The higher the soil’s salinity, the harder plants must work to absorb water. Even if the soil is at proper saturation, if the salt content is high enough, plants will wilt or even die from the high expense of energy. The process of diverting water from the Amu Darya and Syr Darya rivers that fed the Aral Sea led to the desertification of what was once the fourth largest saline lake in the world. The extremely high concentration of salt in the small body of water left behind affects the soil of its boundaries with a high level of salinity.
The sea is now less than 10 percent of its former size and the eastern basin, which dried up completely, is now known as the Aralkum Desert.
Further, Uzbekistan employed even poorer labor practices. The cotton industry saw state workers directed away from their occupations during harvest season and out to the fields picking cotton. The practice met the definition of “modern slavery” as outlined by the Global Slavery Index, as the workers received little to no compensation for their extra work and were under the alleged threat of expulsion from their state jobs if they did not participate in the harvest.
Labor and agricultural policies were enforced under the leadership of President Islam Karimov, elected in 1991 after Uzbekistan declared independence from the Soviet Union. Shavkat Mirziyoyev became the nation’s second president in 2016 following the death of Karimov. Mirziyoyev has since publicly denounced the traditional labor practice and initiated reforms across the labor and agriculture sectors.
Time for Crop Diversification
A 2013 study on the possible outcomes of developing land for crops besides cotton found a high potential for more efficient water use, as well as farm income for the area’s dryland citizens. The multiyear study indicated that crop diversification would also assist farmers in wetland areas that will be affected by the climate-driven decline water availability. The article concluded that crop diversification was key to sustainable agriculture in Uzbekistan.
That same year, the World Bank financed the Sustainable Agriculture and Climate Change Mitigation project. The project objectives are to introduce renewable energy and technology for energy efficiency to the agriculture (agribusiness and farms) sector, and to improve the degraded irrigated land and water conservation practices.

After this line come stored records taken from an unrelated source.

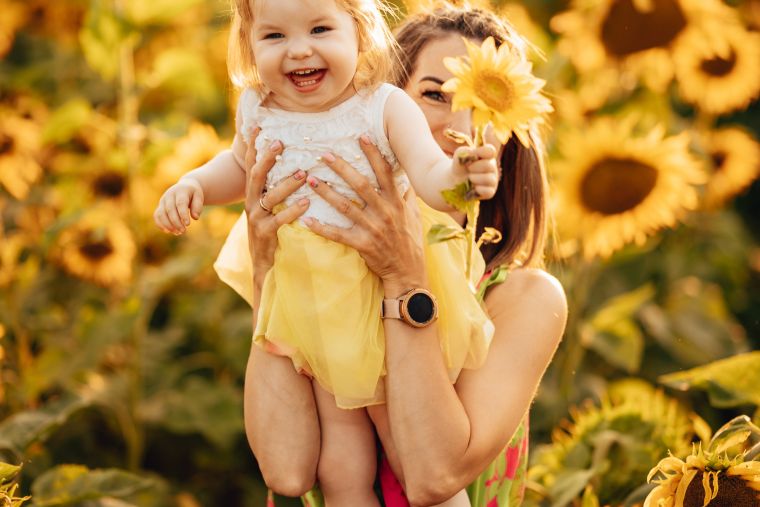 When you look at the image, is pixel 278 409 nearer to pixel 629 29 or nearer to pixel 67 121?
pixel 67 121

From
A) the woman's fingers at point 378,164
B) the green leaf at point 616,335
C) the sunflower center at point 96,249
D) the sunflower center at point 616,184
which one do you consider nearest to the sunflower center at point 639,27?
the sunflower center at point 616,184

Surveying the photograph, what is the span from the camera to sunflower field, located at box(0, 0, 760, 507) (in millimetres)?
2361

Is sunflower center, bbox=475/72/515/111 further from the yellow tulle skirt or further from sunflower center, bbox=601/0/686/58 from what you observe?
sunflower center, bbox=601/0/686/58

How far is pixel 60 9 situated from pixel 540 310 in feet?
8.78

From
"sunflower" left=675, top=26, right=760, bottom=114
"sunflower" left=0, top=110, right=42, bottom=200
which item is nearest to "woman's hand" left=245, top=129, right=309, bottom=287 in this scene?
"sunflower" left=0, top=110, right=42, bottom=200

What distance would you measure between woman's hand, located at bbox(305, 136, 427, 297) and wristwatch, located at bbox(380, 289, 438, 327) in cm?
1

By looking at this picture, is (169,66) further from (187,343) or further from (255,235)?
(255,235)

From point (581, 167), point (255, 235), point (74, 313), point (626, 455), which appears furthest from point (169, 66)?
point (626, 455)

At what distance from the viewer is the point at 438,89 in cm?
157

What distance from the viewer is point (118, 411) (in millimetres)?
2516

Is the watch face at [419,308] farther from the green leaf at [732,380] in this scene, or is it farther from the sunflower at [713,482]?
the green leaf at [732,380]

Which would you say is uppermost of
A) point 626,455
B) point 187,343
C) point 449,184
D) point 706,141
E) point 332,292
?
point 449,184

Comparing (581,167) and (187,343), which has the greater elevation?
(581,167)

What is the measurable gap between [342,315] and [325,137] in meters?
0.24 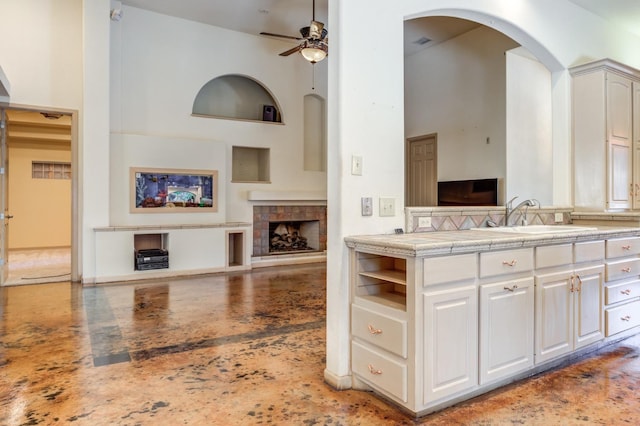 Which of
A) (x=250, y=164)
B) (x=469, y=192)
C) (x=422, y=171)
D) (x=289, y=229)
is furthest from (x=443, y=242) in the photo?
(x=289, y=229)

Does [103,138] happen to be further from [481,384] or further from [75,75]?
[481,384]

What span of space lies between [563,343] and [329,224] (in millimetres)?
1735

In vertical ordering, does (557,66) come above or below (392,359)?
above

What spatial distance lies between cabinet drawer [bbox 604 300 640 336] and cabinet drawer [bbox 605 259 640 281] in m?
0.23

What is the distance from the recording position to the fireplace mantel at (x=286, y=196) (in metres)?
6.96

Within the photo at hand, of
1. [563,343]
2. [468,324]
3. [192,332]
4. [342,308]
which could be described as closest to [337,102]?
[342,308]

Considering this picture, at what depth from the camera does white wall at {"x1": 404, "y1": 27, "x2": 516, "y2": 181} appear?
6250 millimetres

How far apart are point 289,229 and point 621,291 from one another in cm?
567

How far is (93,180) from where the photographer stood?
5527mm

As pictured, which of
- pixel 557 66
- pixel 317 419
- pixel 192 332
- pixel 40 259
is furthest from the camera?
pixel 40 259

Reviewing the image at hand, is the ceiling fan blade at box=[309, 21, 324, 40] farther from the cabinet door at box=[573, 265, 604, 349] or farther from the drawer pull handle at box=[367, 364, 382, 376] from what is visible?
the drawer pull handle at box=[367, 364, 382, 376]

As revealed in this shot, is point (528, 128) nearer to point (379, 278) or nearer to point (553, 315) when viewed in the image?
point (553, 315)

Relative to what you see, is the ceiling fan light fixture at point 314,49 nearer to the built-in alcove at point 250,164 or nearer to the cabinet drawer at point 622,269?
the built-in alcove at point 250,164

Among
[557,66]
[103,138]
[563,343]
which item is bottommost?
[563,343] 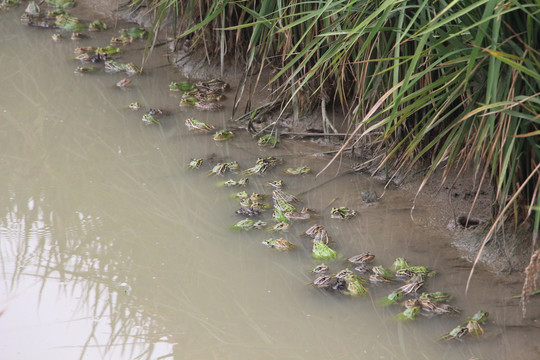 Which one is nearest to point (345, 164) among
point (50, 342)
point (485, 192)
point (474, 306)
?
point (485, 192)

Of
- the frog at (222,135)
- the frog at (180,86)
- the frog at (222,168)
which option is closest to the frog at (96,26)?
the frog at (180,86)

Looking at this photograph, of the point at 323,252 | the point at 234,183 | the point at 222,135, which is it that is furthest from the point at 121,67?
the point at 323,252

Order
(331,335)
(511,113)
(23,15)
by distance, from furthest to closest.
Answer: (23,15) → (331,335) → (511,113)

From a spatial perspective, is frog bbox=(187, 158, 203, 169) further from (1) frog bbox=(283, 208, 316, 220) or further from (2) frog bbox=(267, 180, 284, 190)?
(1) frog bbox=(283, 208, 316, 220)

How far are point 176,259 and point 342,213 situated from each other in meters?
0.76

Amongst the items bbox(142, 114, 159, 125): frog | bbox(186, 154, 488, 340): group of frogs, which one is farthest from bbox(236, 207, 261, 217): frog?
bbox(142, 114, 159, 125): frog

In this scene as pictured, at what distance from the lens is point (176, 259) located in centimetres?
271

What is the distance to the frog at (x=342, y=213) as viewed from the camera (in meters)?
2.96

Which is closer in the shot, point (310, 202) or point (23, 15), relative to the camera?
point (310, 202)

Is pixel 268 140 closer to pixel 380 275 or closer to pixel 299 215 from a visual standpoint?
pixel 299 215

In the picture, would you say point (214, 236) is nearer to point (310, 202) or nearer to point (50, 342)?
point (310, 202)

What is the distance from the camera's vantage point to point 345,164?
3.37 meters

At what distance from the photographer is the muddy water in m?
2.31

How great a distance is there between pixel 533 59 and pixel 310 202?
1216 mm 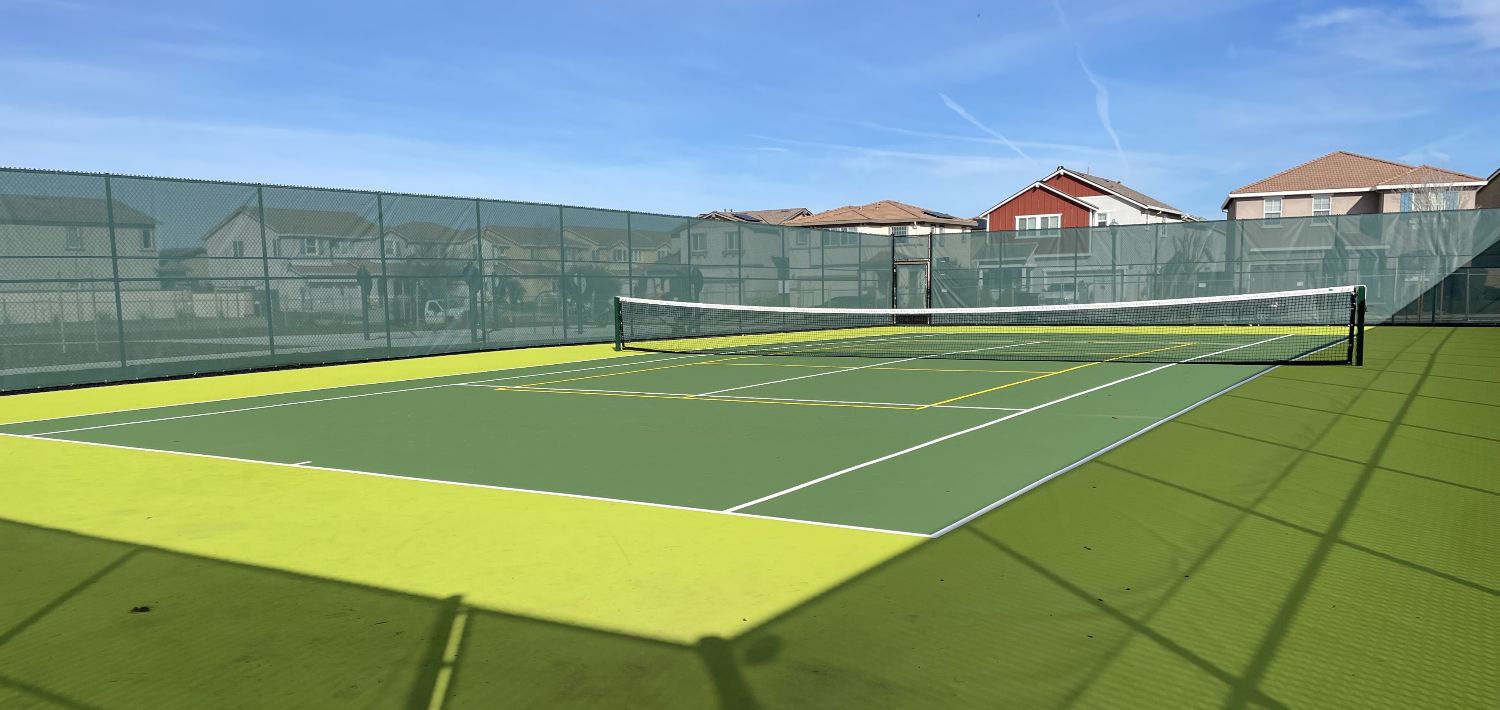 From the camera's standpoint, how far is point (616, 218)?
23453 millimetres

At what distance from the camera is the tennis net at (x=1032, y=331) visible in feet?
58.9

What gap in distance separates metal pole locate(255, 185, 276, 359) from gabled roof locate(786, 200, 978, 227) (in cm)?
4860

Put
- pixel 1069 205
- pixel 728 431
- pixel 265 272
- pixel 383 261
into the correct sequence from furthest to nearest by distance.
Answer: pixel 1069 205 → pixel 383 261 → pixel 265 272 → pixel 728 431

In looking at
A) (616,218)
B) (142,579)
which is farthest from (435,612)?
(616,218)

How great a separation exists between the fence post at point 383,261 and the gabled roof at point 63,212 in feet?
13.8

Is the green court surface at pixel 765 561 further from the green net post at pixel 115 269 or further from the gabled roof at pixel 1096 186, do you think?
the gabled roof at pixel 1096 186

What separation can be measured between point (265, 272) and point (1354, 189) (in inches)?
2239

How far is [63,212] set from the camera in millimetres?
14555

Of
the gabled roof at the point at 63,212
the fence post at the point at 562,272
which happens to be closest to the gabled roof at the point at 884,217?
the fence post at the point at 562,272

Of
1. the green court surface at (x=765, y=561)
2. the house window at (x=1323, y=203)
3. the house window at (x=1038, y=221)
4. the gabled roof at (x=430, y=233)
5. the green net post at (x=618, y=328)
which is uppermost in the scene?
the house window at (x=1323, y=203)

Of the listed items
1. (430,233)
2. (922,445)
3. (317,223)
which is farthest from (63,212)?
(922,445)

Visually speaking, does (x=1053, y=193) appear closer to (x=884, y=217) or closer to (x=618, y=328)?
(x=884, y=217)

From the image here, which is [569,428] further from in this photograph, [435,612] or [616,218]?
[616,218]

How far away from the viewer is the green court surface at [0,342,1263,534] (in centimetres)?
637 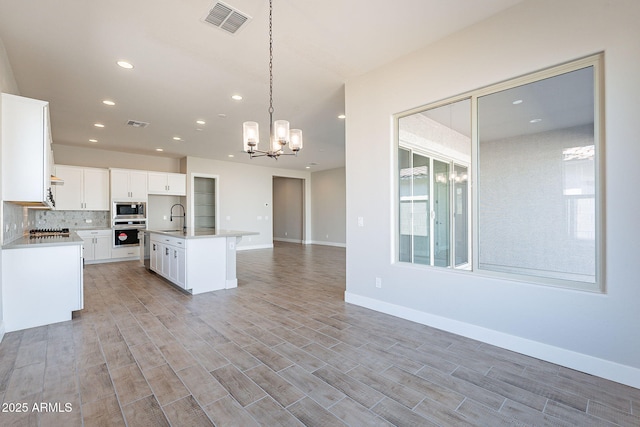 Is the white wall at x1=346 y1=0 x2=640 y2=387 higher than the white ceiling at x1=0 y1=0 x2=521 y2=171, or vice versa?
the white ceiling at x1=0 y1=0 x2=521 y2=171

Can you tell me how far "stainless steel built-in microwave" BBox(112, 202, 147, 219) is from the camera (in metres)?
7.17

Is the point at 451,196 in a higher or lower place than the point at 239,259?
higher

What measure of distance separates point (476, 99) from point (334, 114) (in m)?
2.74

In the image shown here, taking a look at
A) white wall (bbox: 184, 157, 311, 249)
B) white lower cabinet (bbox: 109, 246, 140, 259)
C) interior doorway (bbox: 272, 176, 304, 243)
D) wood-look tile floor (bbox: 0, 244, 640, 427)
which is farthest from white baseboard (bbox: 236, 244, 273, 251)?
wood-look tile floor (bbox: 0, 244, 640, 427)

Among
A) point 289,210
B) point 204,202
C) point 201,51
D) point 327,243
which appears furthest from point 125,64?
point 289,210

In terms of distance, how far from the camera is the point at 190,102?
15.1ft

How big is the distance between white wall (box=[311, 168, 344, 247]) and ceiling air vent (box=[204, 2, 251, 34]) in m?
8.06

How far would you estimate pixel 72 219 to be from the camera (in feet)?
23.3

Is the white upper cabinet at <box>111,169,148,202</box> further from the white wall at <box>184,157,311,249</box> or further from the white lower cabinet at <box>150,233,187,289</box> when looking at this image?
the white lower cabinet at <box>150,233,187,289</box>

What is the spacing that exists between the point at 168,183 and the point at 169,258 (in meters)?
4.07

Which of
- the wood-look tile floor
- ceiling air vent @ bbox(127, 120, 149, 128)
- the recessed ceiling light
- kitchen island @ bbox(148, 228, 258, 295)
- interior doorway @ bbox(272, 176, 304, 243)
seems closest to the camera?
the wood-look tile floor

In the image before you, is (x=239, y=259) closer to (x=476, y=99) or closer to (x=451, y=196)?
(x=451, y=196)

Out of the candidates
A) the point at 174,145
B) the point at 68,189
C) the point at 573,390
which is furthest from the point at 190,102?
the point at 573,390

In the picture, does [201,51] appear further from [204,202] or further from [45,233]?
[204,202] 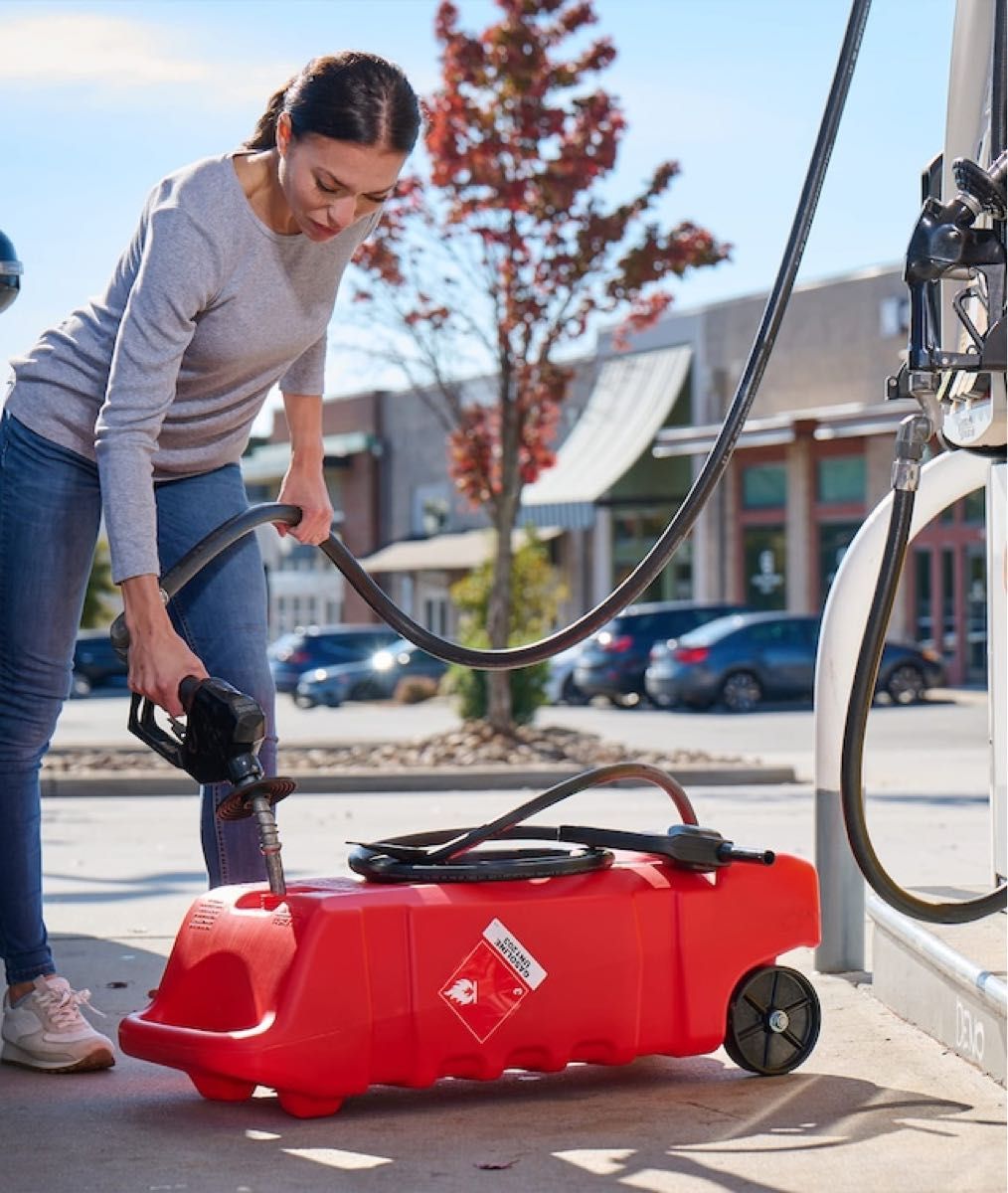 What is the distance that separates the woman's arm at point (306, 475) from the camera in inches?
150

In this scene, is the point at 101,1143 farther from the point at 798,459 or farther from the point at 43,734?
the point at 798,459

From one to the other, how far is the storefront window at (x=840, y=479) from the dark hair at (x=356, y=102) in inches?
1175

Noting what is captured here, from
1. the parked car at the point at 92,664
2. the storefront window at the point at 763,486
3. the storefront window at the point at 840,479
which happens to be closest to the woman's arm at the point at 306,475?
the storefront window at the point at 840,479

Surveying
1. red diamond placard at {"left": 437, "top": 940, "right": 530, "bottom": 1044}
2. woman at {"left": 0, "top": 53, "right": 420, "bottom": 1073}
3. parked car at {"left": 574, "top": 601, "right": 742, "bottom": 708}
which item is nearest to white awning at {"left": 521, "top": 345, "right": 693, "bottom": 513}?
parked car at {"left": 574, "top": 601, "right": 742, "bottom": 708}

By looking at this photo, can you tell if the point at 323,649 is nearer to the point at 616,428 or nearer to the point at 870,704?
the point at 616,428

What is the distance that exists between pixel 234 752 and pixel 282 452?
169 feet

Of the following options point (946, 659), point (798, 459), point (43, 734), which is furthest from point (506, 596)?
point (798, 459)

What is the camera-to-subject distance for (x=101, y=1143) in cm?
306

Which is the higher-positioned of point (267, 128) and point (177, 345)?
point (267, 128)

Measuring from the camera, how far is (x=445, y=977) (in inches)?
125

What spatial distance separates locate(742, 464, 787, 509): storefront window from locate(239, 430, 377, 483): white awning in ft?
47.0

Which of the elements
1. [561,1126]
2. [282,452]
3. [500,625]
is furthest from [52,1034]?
[282,452]

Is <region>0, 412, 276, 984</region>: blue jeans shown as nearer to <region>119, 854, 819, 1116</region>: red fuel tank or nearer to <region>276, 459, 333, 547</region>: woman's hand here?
<region>276, 459, 333, 547</region>: woman's hand

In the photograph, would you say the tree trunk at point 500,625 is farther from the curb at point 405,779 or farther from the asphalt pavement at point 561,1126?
the asphalt pavement at point 561,1126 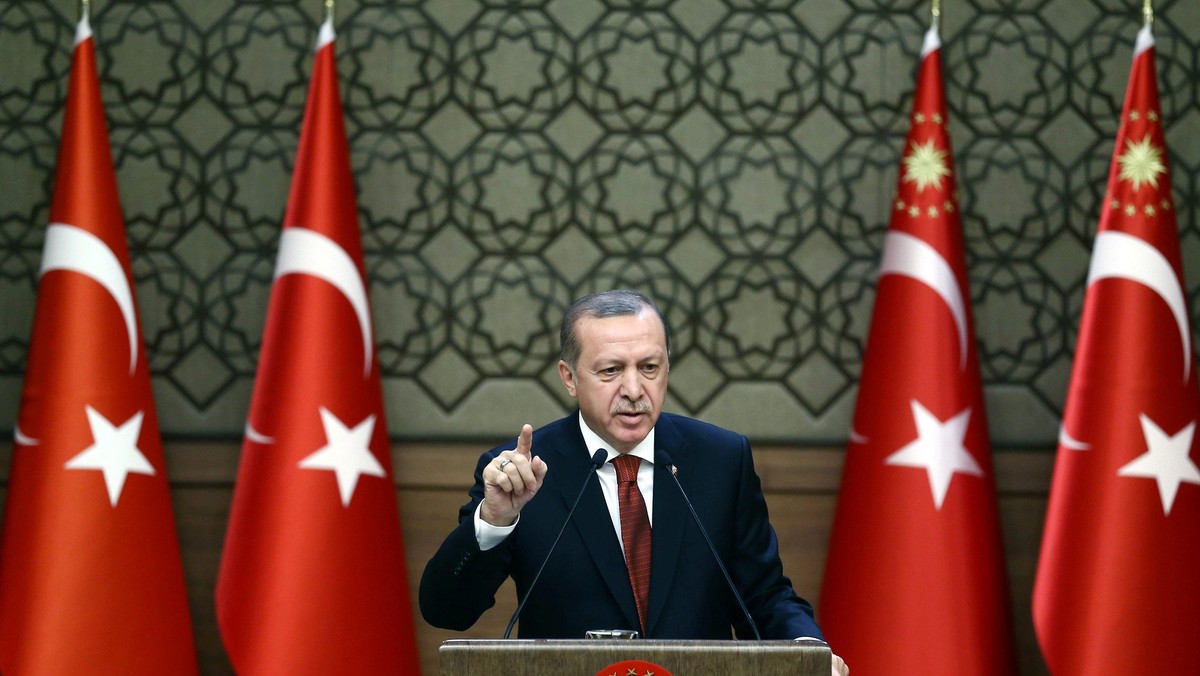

The project looks to secure the objectives by implementing three components:
- Promotion of renewable energy technologies, especially by supporting the circulation of knowledge and information through training and goods
- Promotion of best practices and technology to mitigate the irrigated land degradation
- Advisory services and project management
In 2014, the Horticulture Development Project initiated the shift in focus from heavily relied-upon exports like cotton to sustainable agriculture in Uzbekistan. By growing its own fruits and vegetables, the nation will realize growth in sector-crossing agribusiness and through its more diverse economy.
The project’s three main components include agricultural support services, access to credit and project management. The World Bank partners with the International Finance Corporation for the project to develop solutions to implementing food safety practices, improving competitiveness, agricultural lending and understanding the supply chain.
Uzbekistan must overcome the inheritance of neglectful policies, rising above the mandates of 1950s Soviet Russia and the heavy-handed culture of the Kamirov-led 1990s and 2000s. Through aid and the drive to emerge victorious, Uzbeki will citizens create sustainable agriculture on their way to creating a fully sustainable nation.